I recently read an article on Racked titled “Want to Sell Me Sportswear? Show Me an Athlete,” and it resonated with me as a professional athlete. It made me ask: Why do big athletic companies, like Nike, Adidas, and Reebok, often choose high-fashion models to pose as female athletes, rather than draw from the ranks of the numerous professional athletes they sponsor?
Here are just a few recent examples of this happening: Bella Hadid is the face of a new Nike campaign for the Cortez sneakers, originally designed for runners in 1972; Karlie Kloss models Adidas’ fashionable performance line, Stella McCartney; and Gigi Hadid plays a boxer for Reebok’s “Perfect Never” campaign. These images of female “athletes” suggest that it is more important that women look stereotypically feminine and lean than be able to perform at an elite level. This doesn't happen nearly as often with men: sports brands seldom use male models as the faces of their fitness lines, instead opting for professional male athletes.
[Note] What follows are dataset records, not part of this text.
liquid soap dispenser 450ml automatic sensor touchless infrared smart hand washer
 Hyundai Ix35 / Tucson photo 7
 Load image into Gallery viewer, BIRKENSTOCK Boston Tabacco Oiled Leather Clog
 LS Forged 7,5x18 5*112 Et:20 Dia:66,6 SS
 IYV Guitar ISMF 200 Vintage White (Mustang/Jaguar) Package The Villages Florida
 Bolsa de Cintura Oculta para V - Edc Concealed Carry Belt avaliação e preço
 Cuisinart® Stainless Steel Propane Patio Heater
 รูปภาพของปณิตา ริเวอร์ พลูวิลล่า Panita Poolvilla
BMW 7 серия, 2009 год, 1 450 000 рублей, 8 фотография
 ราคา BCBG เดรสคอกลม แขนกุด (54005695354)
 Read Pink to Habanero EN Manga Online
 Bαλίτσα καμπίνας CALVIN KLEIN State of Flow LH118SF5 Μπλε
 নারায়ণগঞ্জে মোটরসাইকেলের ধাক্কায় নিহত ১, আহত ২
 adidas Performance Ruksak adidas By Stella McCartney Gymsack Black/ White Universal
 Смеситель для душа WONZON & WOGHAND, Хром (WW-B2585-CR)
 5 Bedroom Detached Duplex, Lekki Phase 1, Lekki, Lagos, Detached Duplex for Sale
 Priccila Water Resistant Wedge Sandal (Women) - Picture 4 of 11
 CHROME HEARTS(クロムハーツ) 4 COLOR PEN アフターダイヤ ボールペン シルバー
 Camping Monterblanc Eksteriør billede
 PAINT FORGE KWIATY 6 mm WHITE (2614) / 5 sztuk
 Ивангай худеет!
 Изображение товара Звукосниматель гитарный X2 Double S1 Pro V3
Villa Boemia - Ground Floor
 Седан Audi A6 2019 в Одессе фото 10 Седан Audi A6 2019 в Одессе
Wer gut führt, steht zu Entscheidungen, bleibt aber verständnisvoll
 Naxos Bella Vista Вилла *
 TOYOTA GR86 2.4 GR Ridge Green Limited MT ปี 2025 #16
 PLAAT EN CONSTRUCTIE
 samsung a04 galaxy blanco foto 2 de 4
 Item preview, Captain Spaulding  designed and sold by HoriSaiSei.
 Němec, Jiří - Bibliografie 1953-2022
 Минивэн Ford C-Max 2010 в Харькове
I find it insulting when major brands choose fashion models instead of real athletes. That tells me they value a certain look and body type over my own skill and the fact that I actually use their performance clothing to perform. Even on a simple marketing level, choosing athletes makes sense to me. Period. Brands need to maintain loyalty to their products and their consumers. Part of the way athletic-wear companies should do this is by marketing their gear on the athletes who actually use it—it’s that simple.
So why are female athletes passed over in favor of models?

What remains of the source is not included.